[Brief descriptive captions]

__________________________________________________

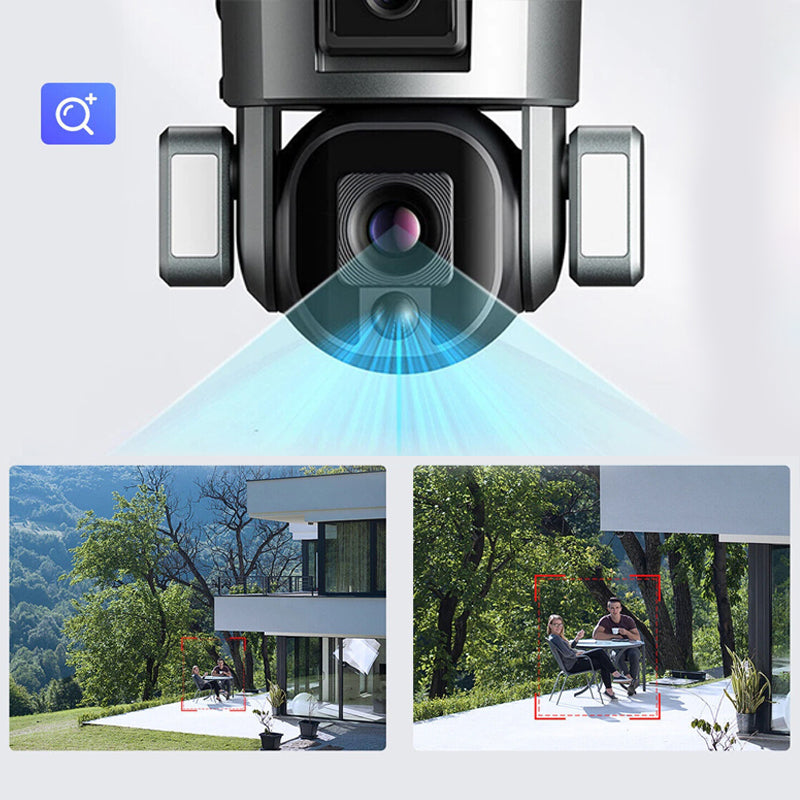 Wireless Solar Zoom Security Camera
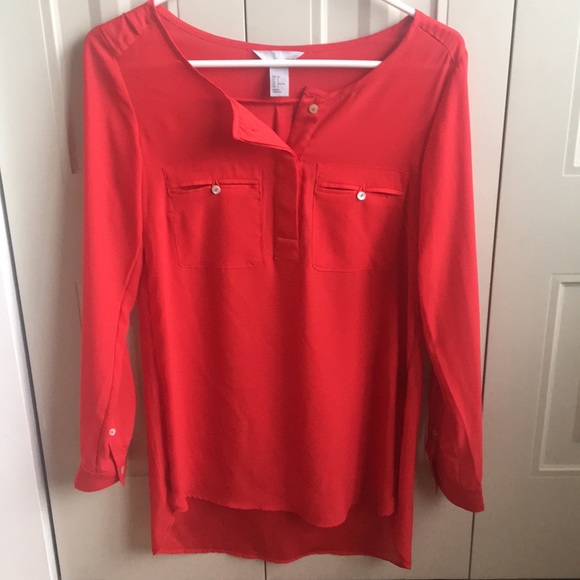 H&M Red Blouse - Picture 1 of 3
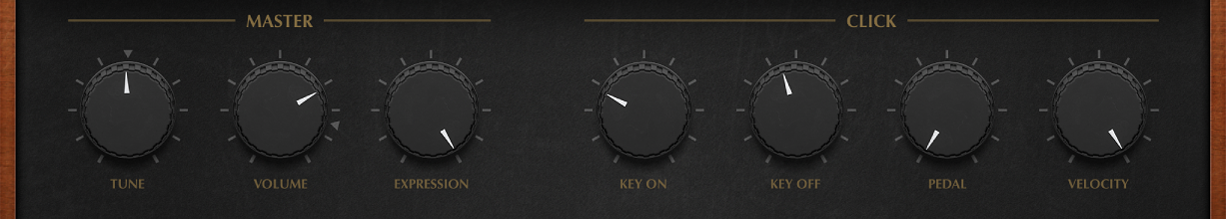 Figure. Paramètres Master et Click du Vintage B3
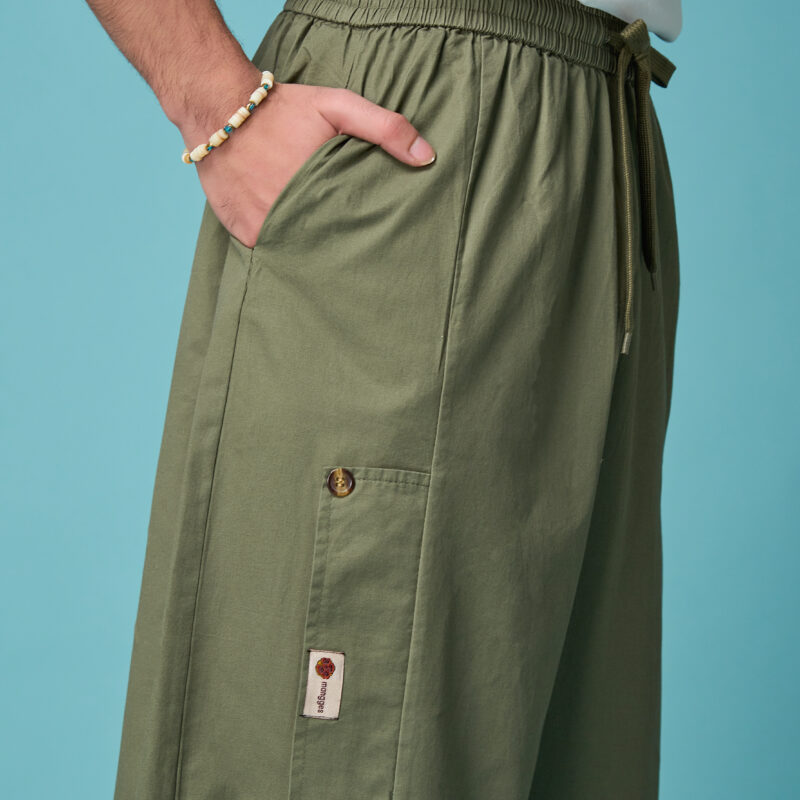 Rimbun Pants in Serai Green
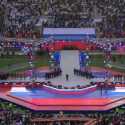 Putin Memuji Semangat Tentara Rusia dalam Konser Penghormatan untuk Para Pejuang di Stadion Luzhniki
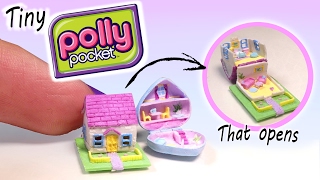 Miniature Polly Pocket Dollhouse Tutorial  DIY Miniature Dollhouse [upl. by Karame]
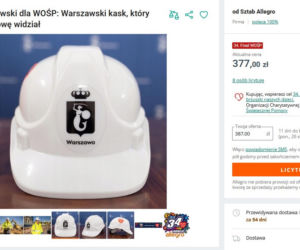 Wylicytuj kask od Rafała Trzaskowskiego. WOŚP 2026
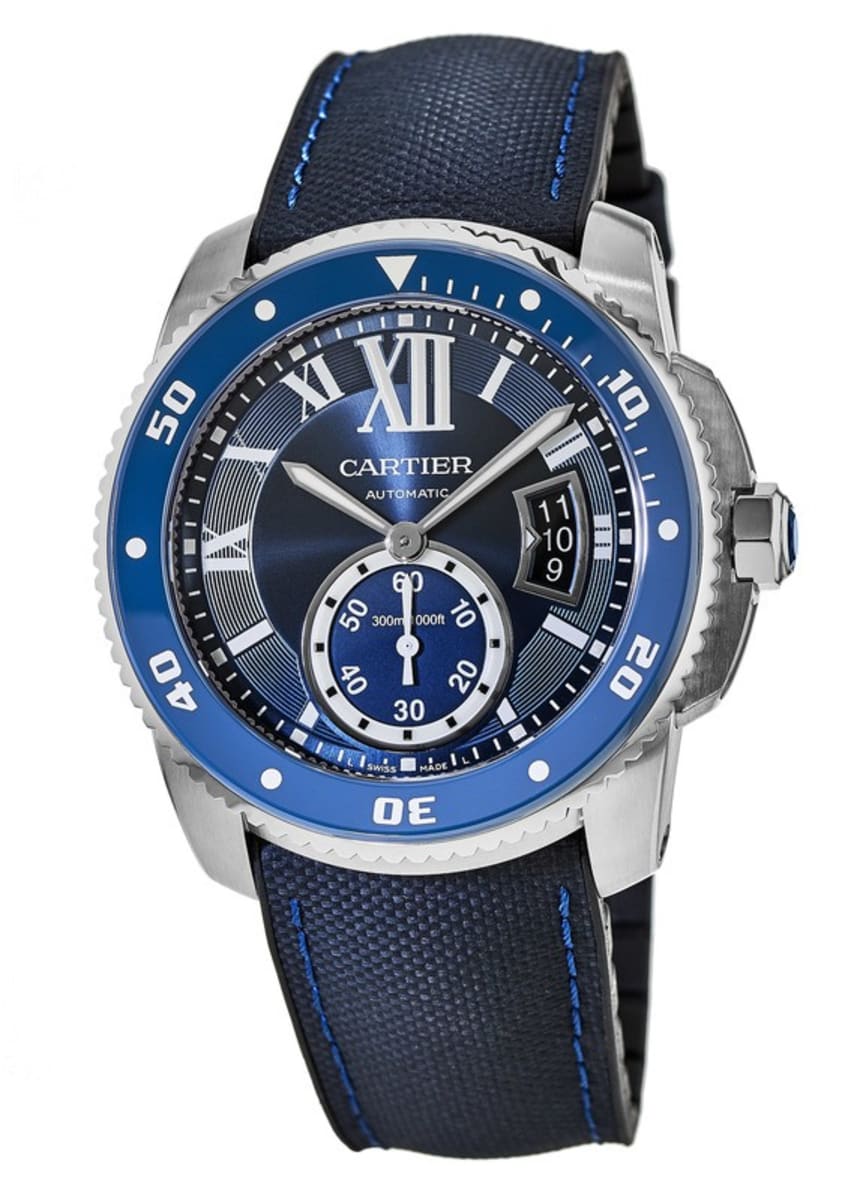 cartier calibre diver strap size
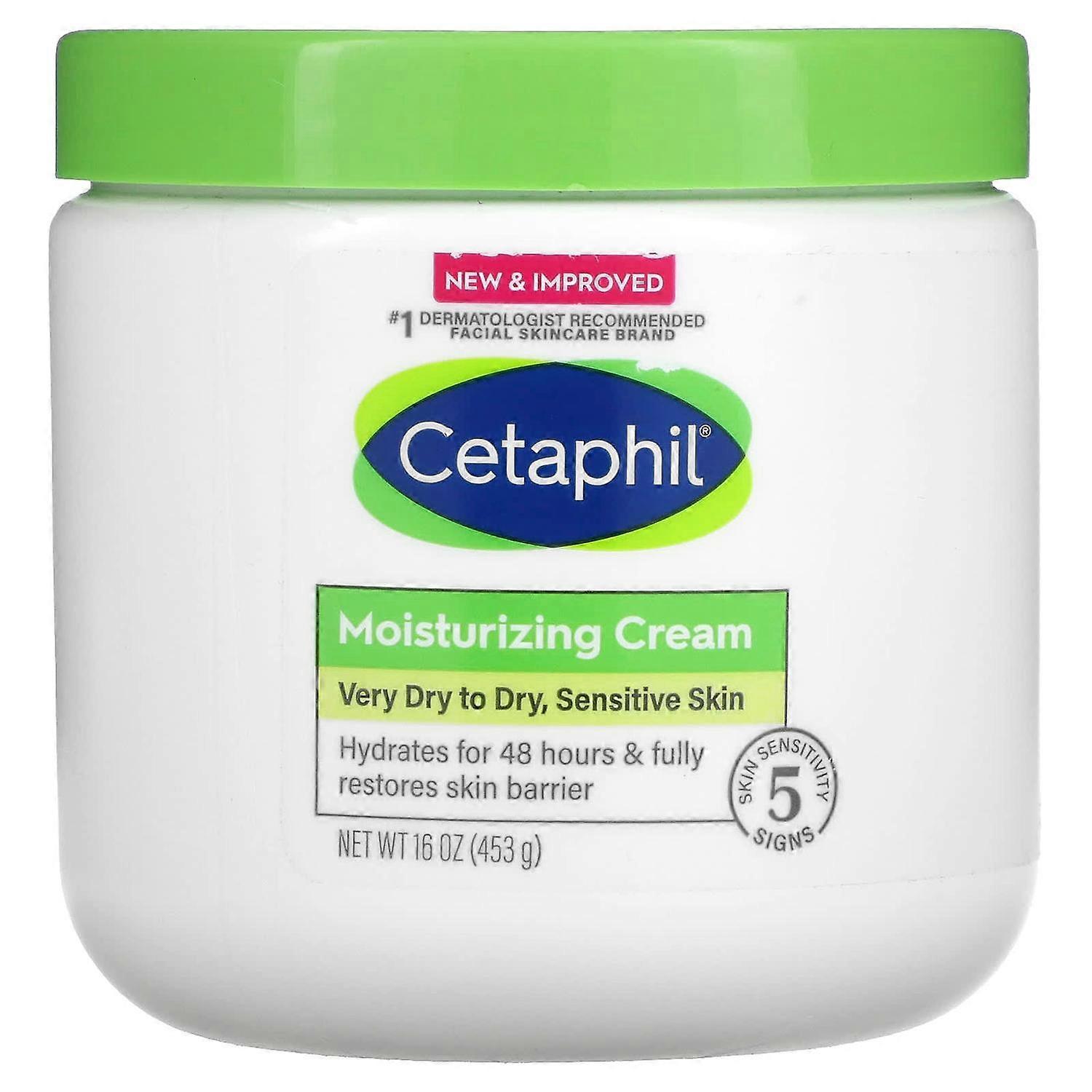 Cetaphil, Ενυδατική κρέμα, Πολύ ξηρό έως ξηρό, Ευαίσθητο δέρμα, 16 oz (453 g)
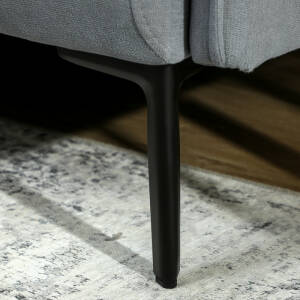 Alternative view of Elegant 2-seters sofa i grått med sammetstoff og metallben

__________________________________________________

▶ [Work to complete]: The full set of entries should be transcribed exactly, pictures left aside.

▶ [Answer box]:
 Wireless Solar Zoom Security Camera
 H&M Red Blouse - Picture 1 of 3
 Figure. Paramètres Master et Click du Vintage B3
 Rimbun Pants in Serai Green
 Putin Memuji Semangat Tentara Rusia dalam Konser Penghormatan untuk Para Pejuang di Stadion Luzhniki
 Miniature Polly Pocket Dollhouse Tutorial  DIY Miniature Dollhouse [upl. by Karame]
 Wylicytuj kask od Rafała Trzaskowskiego. WOŚP 2026
 cartier calibre diver strap size
 Cetaphil, Ενυδατική κρέμα, Πολύ ξηρό έως ξηρό, Ευαίσθητο δέρμα, 16 oz (453 g)
 Alternative view of Elegant 2-seters sofa i grått med sammetstoff og metallben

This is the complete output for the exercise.